> [Exercise requirements] Transcribe everything in the records exactly. Skip the images.
* * * * *
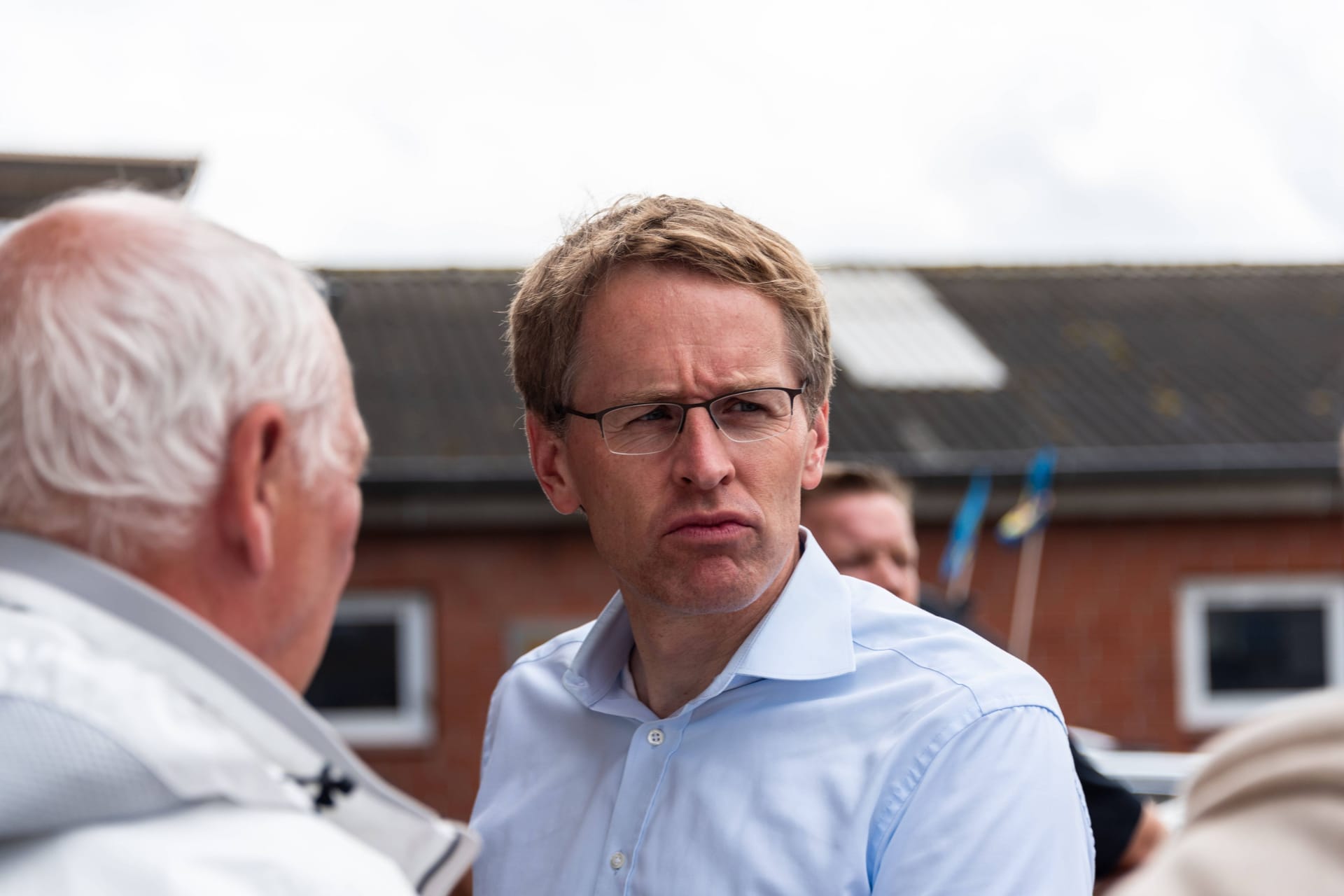 Schleswig-Holsteins CDU-Ministerpräsident Daniel Günther (Archivfoto): Dem Landeschef hat man auf Fehmarn eine deutliche Nachricht gemäht.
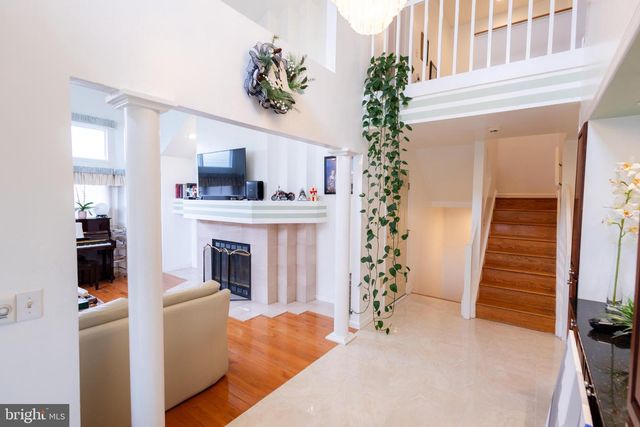 6 BELLWOOD DR, Feasterville Trevose, PA 19053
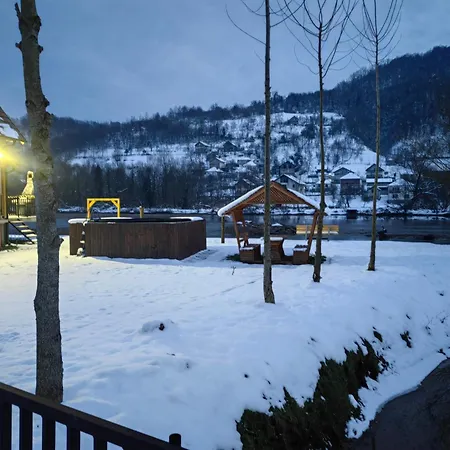 Hébergement de vacances Vikendica Mihic *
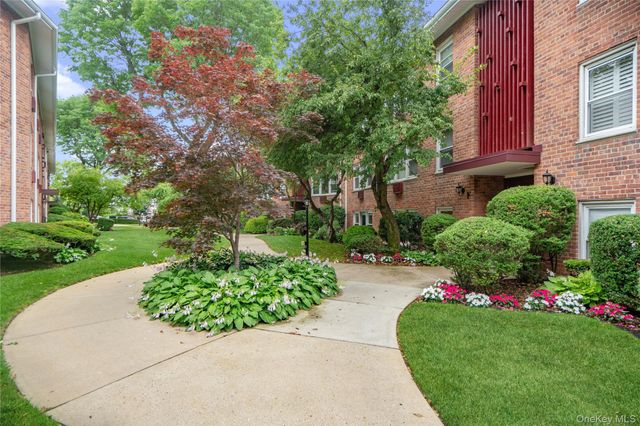61 Maine Avenue F15, Rockville Centre, NY 11570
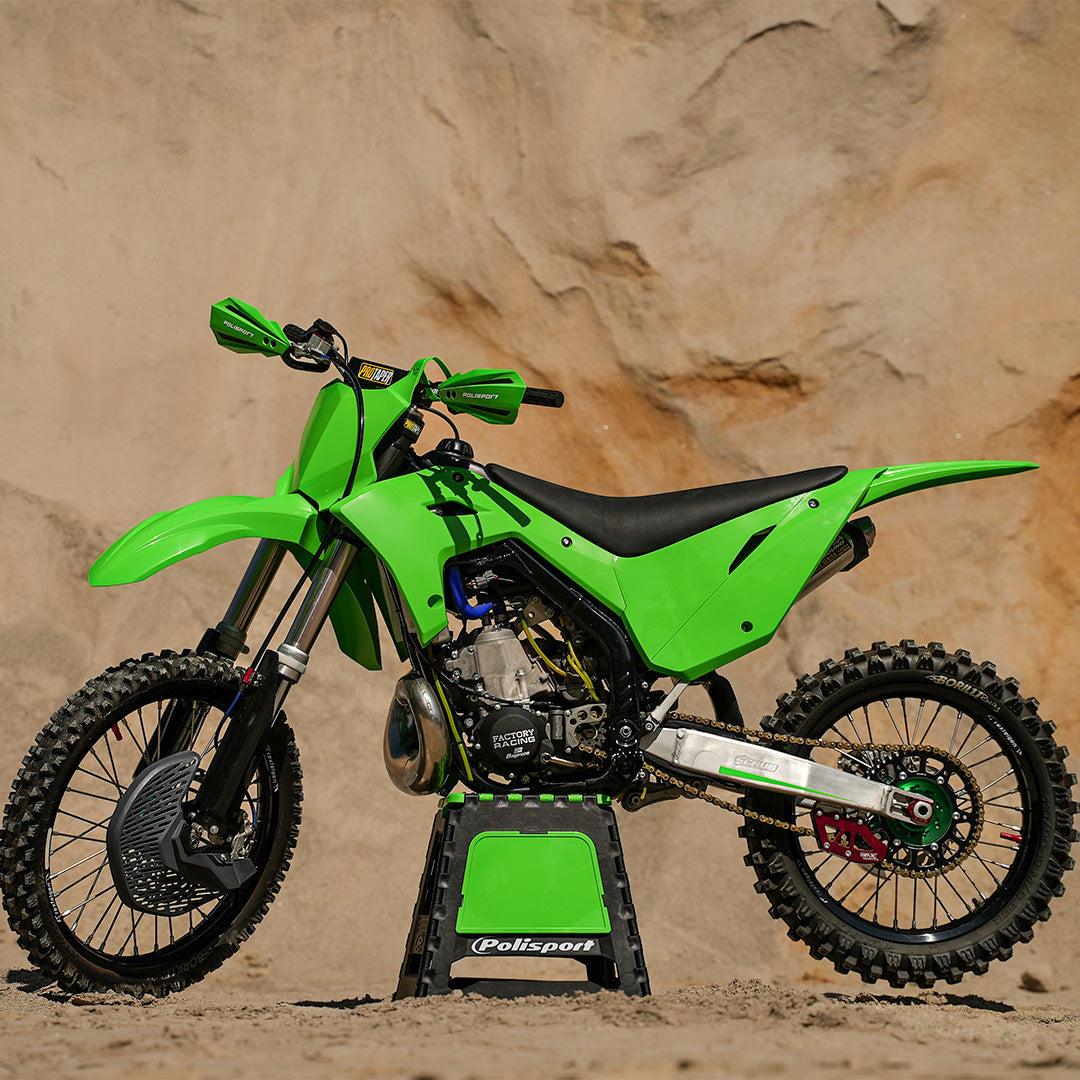 kit-restyling-polisport-mod-26-kawasaki-kx-125-250-2003-2008-91631-action-left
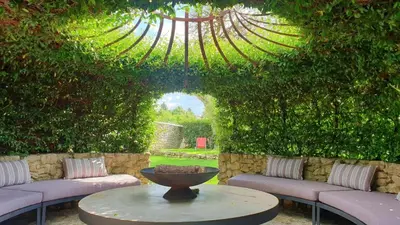 Jardin de l'établissement Les Loges de Saint Eloi
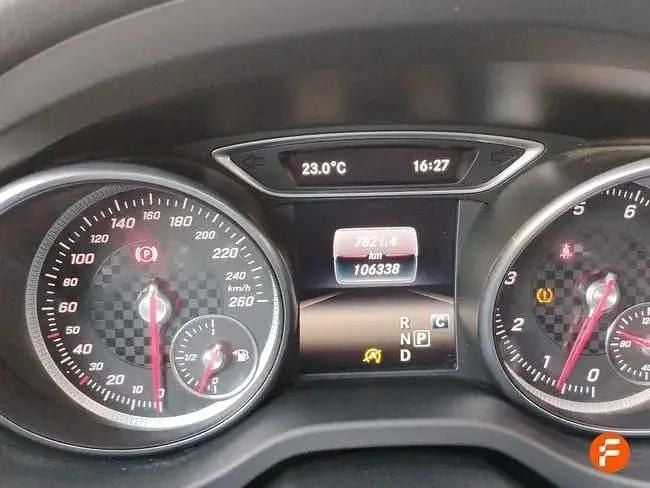 Usado Mercedes A180 AMG line 122 CV (89 kW) 2017 Blanco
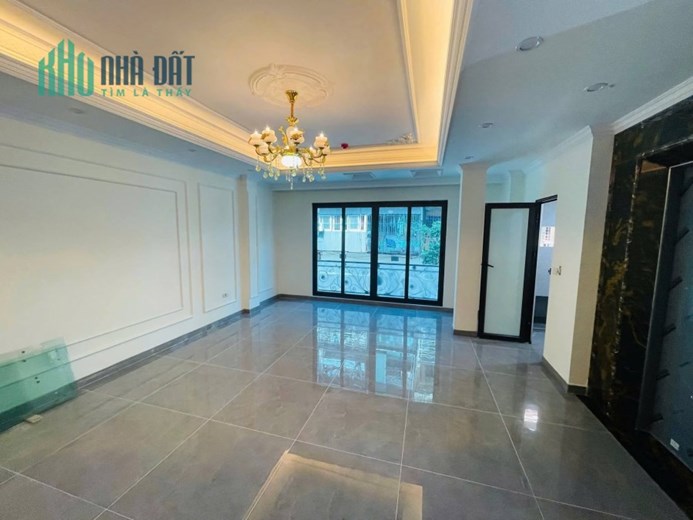 Chính chủ cần bán gấp nhà 462 Đường Bưởi Vĩnh Phúc Hoàng Hoa Thám Ba Đình DT 52 m2 giá 32,9 tỷ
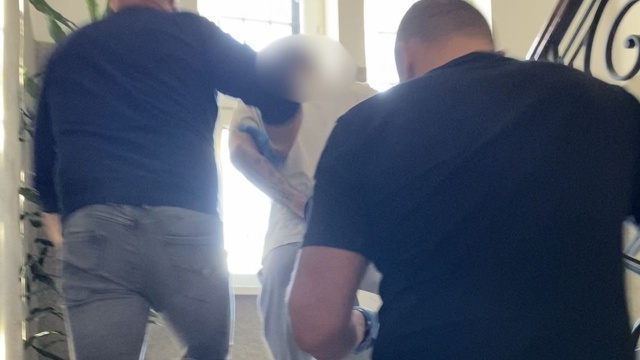 Prowadził samochód mimo zakazu sądowego, nie zatrzymał się do kontroli i napadł na policjantów.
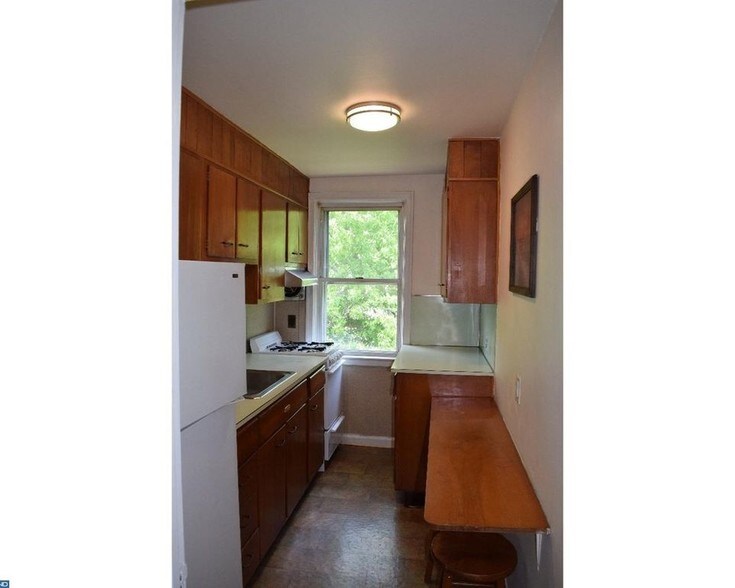 Second floor kitchen - 11 Corbin Ct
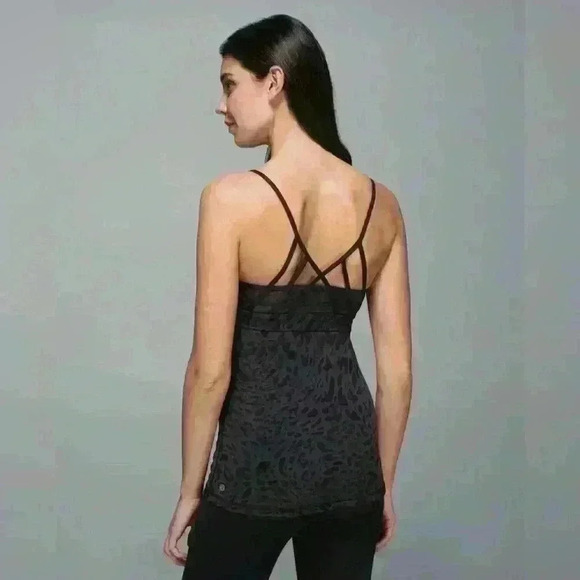 Lululemon Just Breathe Tank/size 6 
Animal Swirl Deep Coal Black - Picture 1 of 16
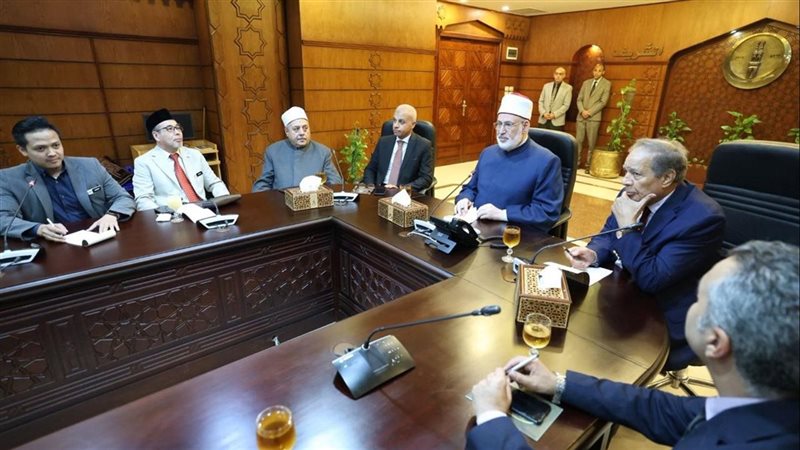 الأزهر يستقبل وفد متدربي القضاة الشرعيين الماليزي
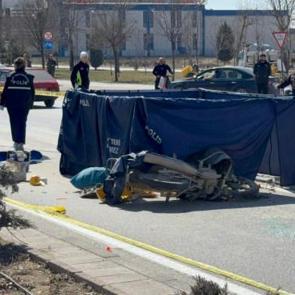 Motosikletiyle hafif ticari araca &ccedil;arpan kurye &ouml;ld&uuml;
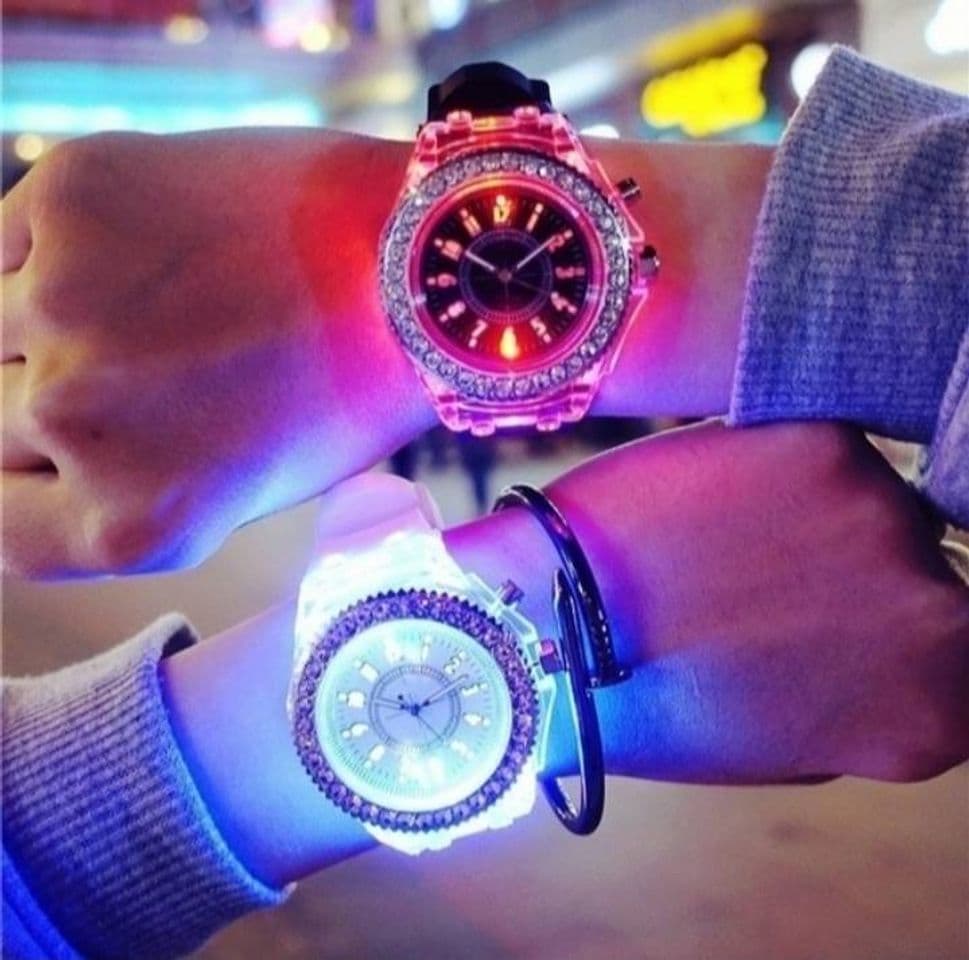 Producto Reloj deportivo con luces LED resistente al agua 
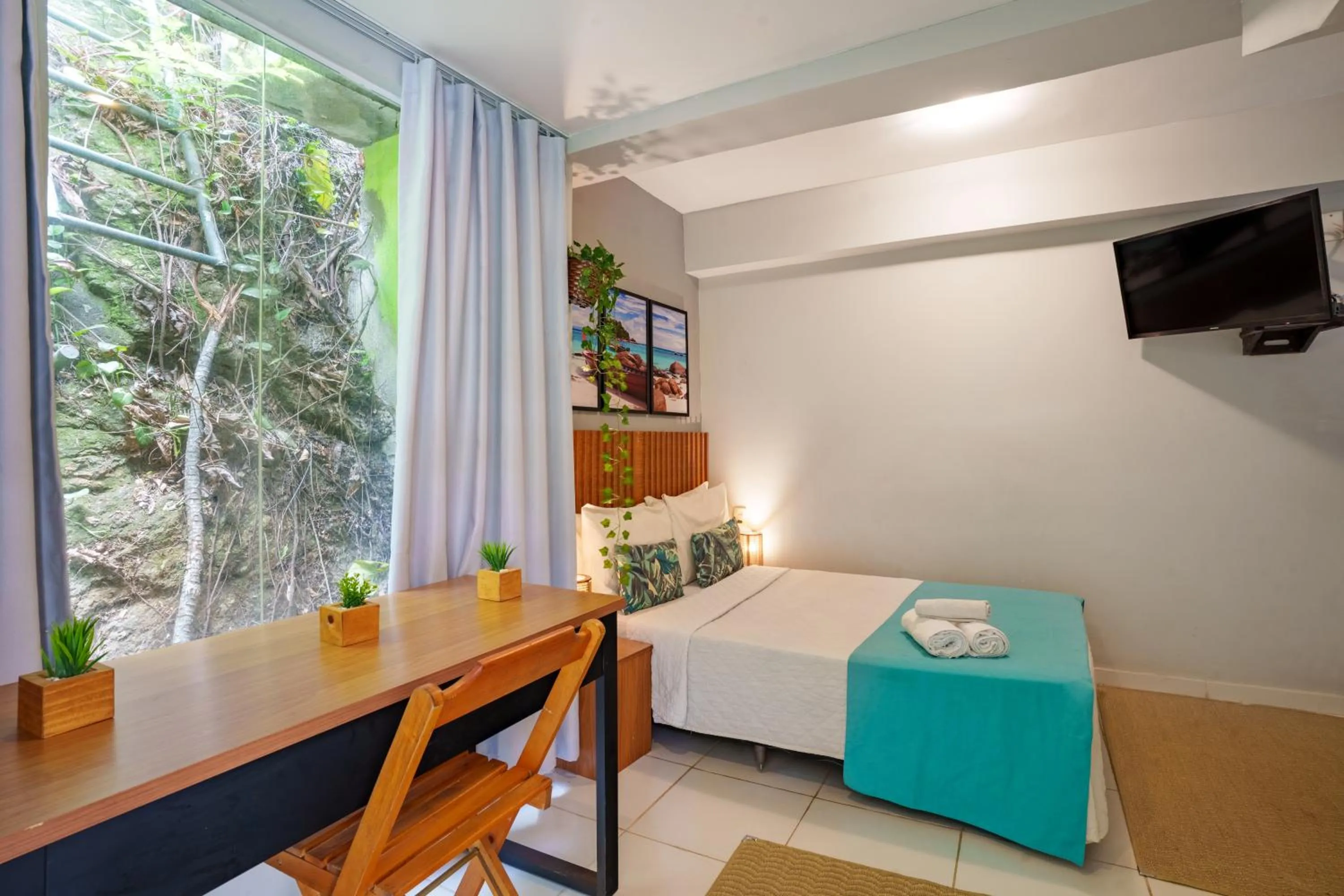 Bed in Bamboo Rio Hostel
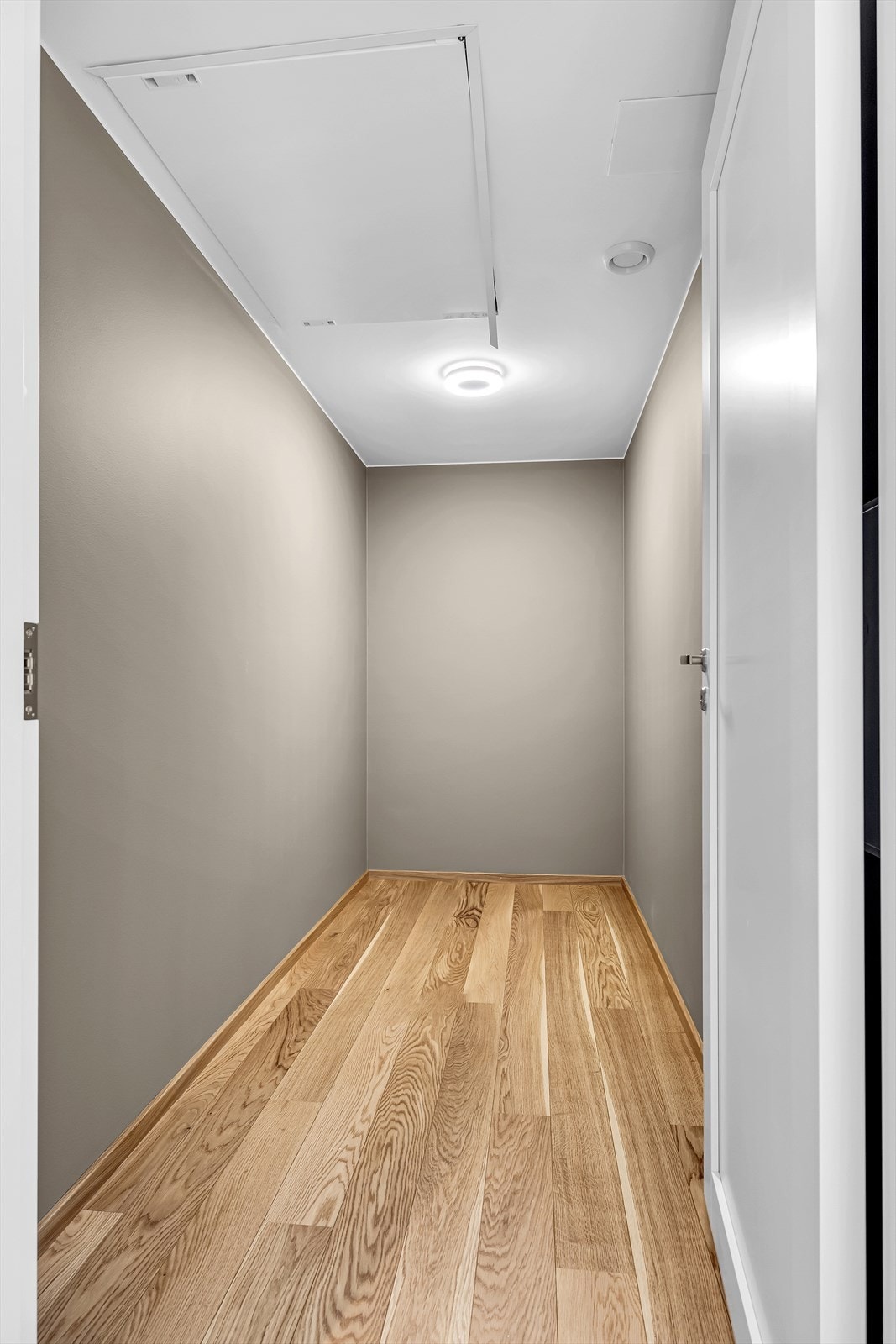 Leiligheten disponerer en innvendig bod samt en kjellerbod Galleribilde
* * * * *
> [Worked solution]
 Schleswig-Holsteins CDU-Ministerpräsident Daniel Günther (Archivfoto): Dem Landeschef hat man auf Fehmarn eine deutliche Nachricht gemäht.
 6 BELLWOOD DR, Feasterville Trevose, PA 19053
 Hébergement de vacances Vikendica Mihic *
61 Maine Avenue F15, Rockville Centre, NY 11570
 kit-restyling-polisport-mod-26-kawasaki-kx-125-250-2003-2008-91631-action-left
 Jardin de l'établissement Les Loges de Saint Eloi
 Usado Mercedes A180 AMG line 122 CV (89 kW) 2017 Blanco
 Chính chủ cần bán gấp nhà 462 Đường Bưởi Vĩnh Phúc Hoàng Hoa Thám Ba Đình DT 52 m2 giá 32,9 tỷ
 Prowadził samochód mimo zakazu sądowego, nie zatrzymał się do kontroli i napadł na policjantów.
 Second floor kitchen - 11 Corbin Ct
 Lululemon Just Breathe Tank/size 6 
Animal Swirl Deep Coal Black - Picture 1 of 16
 الأزهر يستقبل وفد متدربي القضاة الشرعيين الماليزي
 Motosikletiyle hafif ticari araca &ccedil;arpan kurye &ouml;ld&uuml;
 Producto Reloj deportivo con luces LED resistente al agua 
 Bed in Bamboo Rio Hostel
 Leiligheten disponerer en innvendig bod samt en kjellerbod Galleribilde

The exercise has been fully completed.